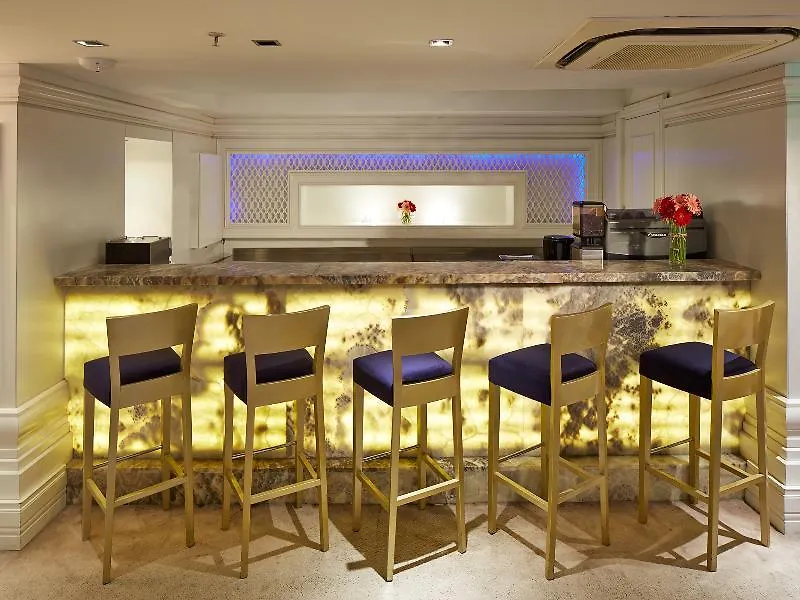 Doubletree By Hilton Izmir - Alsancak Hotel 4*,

* * *

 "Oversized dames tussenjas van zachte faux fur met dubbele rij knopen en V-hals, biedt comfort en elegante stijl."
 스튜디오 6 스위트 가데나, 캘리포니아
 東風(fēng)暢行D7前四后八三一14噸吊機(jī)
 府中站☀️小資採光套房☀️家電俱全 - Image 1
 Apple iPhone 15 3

* * *

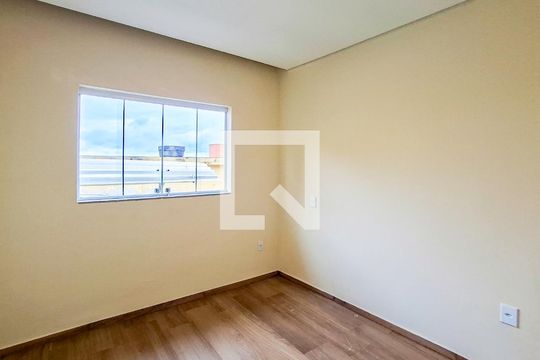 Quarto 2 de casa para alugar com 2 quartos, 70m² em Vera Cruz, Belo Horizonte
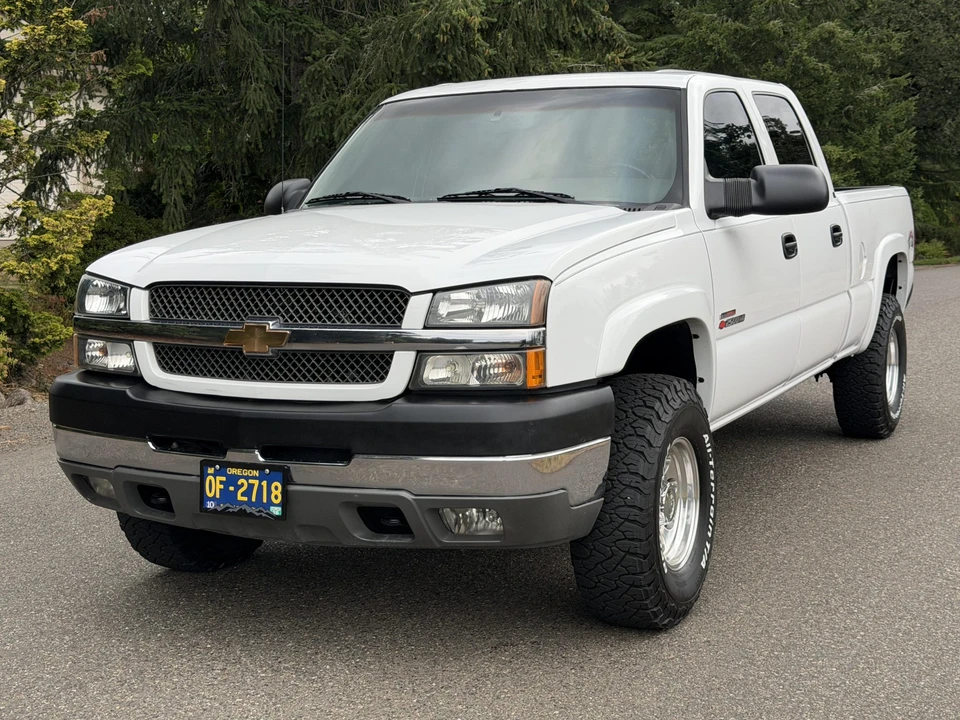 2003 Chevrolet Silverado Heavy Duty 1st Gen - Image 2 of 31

* * *

_WHAT TO WORK ON_
Copy exactly the material above from the line with "Quarto 2 de" to the line with "2003 Chevrolet Silverado", ends included, and nothing else. Leave out any picture.

_OUTPUT FOR THIS TASK_
 Quarto 2 de casa para alugar com 2 quartos, 70m² em Vera Cruz, Belo Horizonte
 2003 Chevrolet Silverado Heavy Duty 1st Gen - Image 2 of 31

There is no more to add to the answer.